The foreign aid industry
- ‘The Quality of Mercy’ by William Shawcross – Masterful account of international donor efforts to assist distraught Cambodia (and its massive border refugee population) in the post Pol Pot years. Very detailed and heavy, a stark commentary on the competing efforts of large aid organizations for global kudos.
- ‘A Brief History of Cambodia’, by David Chandler – A heavy but highly detailed read for the person with an avid or academic interest in Cambodian history, from its early beginnings to the present. Consider reading the chapter on Jayavarman VII (the ‘temple builder’) in isolation from the rest of the book, for a good overview of arguably the most significant of Angkor’s kings.
- ‘A Short History of Cambodia’, by John Tully – This hot of the press account of Cambodian history is far easier to read than Chandler’s seminal work, yet gives good, concise coverage of matters ancient and recent comprising Khmer history.
- ‘Brother Enemy, The War After the War’ by Nayan Chanda – seminal book detailing the history of Indochina since 1975 (the fall of Saigon) with reference to the historic antipathies between Cambodia, Vietnam and Thailand. This is a hard read which perhaps better falls under the heading of ‘Indochina politics’.
- ‘Sihanouk, Prince of Light, Prince of Darkness’, by Milton Osborne – Milton Osborne is one of the best and easiest to read writers on Indochina and Cambodia. Osborne lived in Phnom Penh from the late 1950s and used his societal contacts and other research sources to prepare this frank account of the enigmatic and ultimately self-centric Sihanouk. Osborne has written many books on Cambodia which are well worth reading.
- ‘Gecko Tales’, by Carol Livingston – A fine and humorous read based on the author’s experience covering the United Nation’s supervision of elections in the early 1990s. Some astute comments about the role and effectiveness of the United Nations and its administrative, military, and support personnel.

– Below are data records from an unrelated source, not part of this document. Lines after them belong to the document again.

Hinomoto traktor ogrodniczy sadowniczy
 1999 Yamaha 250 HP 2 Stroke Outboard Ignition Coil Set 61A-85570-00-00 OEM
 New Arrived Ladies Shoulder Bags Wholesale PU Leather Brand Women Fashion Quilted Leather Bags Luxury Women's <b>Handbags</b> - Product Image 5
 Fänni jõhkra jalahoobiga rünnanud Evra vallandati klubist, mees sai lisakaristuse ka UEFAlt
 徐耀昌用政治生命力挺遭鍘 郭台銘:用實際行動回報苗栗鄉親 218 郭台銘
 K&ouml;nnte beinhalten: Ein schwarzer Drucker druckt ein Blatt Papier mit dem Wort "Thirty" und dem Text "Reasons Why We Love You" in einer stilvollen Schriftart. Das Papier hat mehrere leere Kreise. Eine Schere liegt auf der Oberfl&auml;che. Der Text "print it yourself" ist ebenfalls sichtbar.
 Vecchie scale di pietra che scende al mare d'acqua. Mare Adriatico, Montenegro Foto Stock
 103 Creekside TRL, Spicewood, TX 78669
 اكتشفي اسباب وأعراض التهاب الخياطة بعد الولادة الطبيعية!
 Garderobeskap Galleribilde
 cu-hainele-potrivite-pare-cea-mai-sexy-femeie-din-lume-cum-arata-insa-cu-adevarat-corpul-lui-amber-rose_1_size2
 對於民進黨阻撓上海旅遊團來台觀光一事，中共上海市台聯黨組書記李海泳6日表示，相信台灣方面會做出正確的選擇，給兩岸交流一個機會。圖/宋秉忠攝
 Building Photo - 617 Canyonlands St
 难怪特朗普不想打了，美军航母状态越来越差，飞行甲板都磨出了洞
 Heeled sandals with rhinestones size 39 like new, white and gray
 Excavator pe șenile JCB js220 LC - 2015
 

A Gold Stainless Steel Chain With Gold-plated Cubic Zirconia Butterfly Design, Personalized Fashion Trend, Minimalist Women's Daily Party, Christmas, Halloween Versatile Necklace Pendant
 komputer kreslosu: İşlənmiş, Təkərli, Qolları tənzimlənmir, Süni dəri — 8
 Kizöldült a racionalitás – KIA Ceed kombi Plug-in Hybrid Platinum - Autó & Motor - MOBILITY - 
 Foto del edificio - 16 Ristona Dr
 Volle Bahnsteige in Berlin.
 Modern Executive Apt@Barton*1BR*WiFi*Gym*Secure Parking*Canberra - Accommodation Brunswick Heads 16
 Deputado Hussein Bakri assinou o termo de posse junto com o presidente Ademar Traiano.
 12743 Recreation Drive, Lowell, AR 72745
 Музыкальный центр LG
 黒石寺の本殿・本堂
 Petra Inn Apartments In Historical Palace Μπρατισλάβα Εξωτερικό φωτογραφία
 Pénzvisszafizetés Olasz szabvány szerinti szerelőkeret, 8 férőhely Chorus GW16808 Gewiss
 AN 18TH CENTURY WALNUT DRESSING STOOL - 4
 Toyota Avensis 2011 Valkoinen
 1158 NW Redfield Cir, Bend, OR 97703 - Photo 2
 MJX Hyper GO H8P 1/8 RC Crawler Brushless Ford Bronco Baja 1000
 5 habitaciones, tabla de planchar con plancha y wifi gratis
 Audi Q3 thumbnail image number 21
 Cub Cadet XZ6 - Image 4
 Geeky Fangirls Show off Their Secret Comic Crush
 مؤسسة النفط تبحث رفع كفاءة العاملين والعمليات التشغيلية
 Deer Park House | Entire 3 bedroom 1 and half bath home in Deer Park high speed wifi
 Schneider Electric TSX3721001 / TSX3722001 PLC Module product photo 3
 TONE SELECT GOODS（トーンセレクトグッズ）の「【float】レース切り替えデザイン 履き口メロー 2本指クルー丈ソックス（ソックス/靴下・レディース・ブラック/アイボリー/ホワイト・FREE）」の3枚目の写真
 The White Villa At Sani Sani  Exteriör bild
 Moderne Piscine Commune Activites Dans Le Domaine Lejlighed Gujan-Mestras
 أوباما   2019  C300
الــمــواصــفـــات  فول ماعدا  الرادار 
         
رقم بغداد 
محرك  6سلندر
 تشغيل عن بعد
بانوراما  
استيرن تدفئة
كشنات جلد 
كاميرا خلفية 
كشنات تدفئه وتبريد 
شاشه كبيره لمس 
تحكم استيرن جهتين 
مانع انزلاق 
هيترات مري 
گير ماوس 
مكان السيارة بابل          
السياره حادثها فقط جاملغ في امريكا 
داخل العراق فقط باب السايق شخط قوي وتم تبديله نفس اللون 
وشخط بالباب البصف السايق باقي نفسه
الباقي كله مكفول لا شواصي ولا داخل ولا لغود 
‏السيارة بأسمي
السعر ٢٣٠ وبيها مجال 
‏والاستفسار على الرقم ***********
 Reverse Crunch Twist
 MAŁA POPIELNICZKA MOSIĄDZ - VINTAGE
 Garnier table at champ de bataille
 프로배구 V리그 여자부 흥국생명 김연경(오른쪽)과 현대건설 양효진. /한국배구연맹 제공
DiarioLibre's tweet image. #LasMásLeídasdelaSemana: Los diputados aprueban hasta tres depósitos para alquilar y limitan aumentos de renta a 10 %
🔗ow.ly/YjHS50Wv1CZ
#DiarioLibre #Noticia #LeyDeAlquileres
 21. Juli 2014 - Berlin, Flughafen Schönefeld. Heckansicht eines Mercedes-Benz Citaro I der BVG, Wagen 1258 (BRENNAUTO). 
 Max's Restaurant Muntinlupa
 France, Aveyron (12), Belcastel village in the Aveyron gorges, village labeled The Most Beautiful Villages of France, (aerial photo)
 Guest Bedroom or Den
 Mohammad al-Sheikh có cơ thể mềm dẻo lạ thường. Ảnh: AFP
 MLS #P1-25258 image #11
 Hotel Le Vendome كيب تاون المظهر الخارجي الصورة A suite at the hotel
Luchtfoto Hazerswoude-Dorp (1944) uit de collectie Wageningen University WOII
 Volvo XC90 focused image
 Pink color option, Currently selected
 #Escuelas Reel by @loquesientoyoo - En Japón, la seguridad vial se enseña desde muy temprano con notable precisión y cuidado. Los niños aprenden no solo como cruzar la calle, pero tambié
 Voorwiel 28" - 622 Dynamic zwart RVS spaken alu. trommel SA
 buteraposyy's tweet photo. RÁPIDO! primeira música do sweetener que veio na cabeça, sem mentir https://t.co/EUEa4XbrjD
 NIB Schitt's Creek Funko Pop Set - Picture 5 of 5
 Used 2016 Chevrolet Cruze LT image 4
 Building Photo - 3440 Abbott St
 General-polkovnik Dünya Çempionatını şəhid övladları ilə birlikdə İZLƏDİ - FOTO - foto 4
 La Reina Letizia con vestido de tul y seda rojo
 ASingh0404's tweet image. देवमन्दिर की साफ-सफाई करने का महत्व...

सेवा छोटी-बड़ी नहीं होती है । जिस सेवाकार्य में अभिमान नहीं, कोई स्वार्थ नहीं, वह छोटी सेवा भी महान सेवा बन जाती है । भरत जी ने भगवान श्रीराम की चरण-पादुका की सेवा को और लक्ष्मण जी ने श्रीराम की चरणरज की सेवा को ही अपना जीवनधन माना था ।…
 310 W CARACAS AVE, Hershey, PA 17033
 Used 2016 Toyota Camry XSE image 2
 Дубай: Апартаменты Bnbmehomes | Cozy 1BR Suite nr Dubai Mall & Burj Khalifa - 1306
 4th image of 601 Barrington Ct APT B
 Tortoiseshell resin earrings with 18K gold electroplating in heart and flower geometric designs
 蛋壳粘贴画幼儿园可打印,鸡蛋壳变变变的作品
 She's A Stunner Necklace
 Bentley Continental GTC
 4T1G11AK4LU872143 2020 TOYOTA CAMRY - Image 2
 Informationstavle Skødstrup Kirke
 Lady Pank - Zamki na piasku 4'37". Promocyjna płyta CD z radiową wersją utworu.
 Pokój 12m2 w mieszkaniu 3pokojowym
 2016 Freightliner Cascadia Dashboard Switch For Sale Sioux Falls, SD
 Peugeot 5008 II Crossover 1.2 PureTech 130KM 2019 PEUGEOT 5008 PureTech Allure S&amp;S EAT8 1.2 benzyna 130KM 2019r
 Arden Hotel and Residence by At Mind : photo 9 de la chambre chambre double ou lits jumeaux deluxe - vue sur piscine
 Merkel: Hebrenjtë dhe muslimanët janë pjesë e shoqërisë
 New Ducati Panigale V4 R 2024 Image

- ‘River of Time’, by Jon Swain – One of the best introductory reads into the trauma of the Indochina war era. Swain writes of his personal experiences as a journalist and resident in Phnom Penh and Vietnam, and recounts some soul destroying stories from Cambodia’s lost decade, the 1970s. He was one of the last foreigners to evacuate Phnom Penh in 1975, from the grounds of the French embassy.